• Exercise brief: From the entries below, return only the lines starting at the one that contains "18 Pcs Autumn" and ending at the one that contains "Versatile Multi Elsa", exactly as they stand.

• Data supplied:

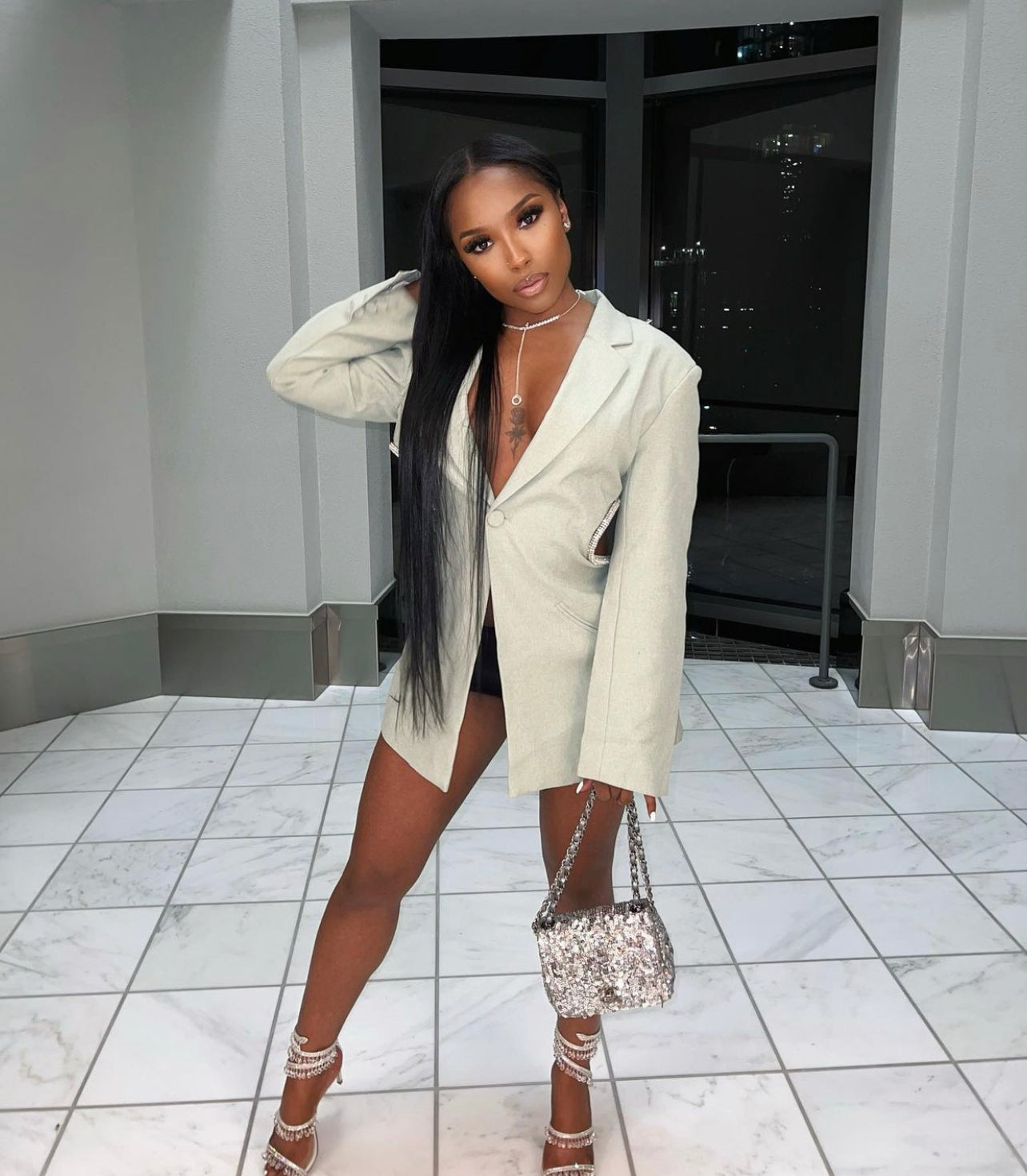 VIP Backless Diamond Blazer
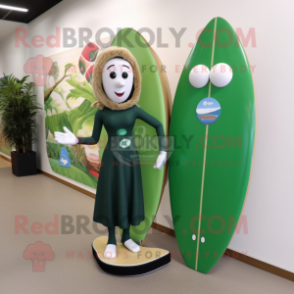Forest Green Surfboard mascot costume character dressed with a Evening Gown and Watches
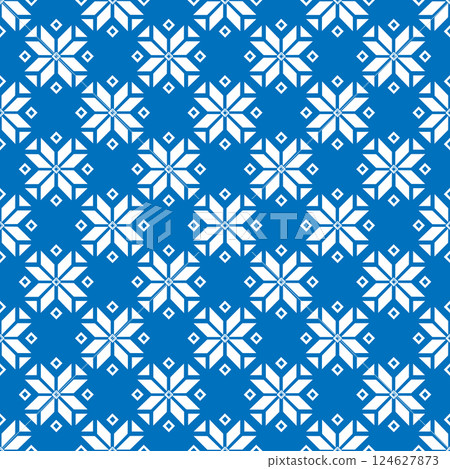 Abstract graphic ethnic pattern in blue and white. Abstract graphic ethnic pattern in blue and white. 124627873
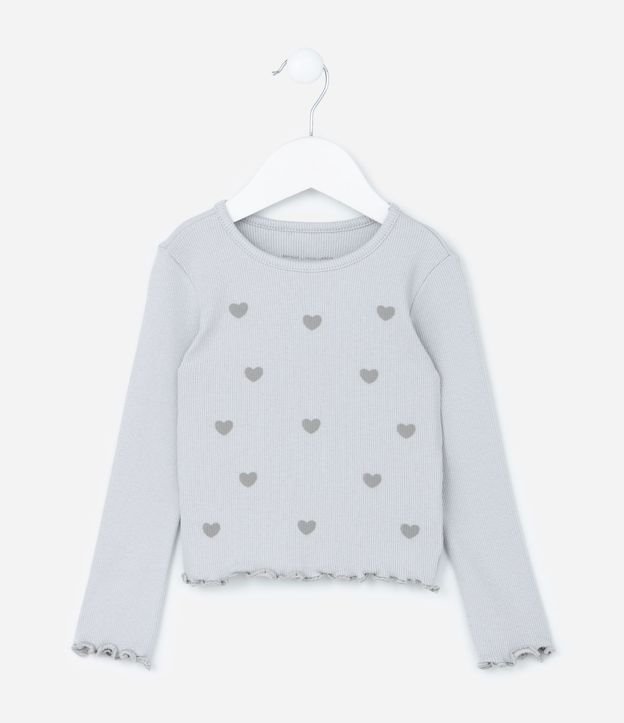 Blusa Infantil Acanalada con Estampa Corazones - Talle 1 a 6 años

==

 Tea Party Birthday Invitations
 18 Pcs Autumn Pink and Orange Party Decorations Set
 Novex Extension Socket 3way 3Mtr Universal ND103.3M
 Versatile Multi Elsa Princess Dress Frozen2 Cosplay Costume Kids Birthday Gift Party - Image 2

---

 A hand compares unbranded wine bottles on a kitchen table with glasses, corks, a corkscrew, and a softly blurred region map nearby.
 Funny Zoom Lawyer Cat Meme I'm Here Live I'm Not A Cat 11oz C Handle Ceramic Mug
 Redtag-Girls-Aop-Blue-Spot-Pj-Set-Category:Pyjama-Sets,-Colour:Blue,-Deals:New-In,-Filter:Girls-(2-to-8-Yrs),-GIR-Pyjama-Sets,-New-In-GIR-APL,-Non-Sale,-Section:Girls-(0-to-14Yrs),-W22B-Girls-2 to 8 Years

• Answer section:
 18 Pcs Autumn Pink and Orange Party Decorations Set
 Novex Extension Socket 3way 3Mtr Universal ND103.3M
 Versatile Multi Elsa Princess Dress Frozen2 Cosplay Costume Kids Birthday Gift Party - Image 2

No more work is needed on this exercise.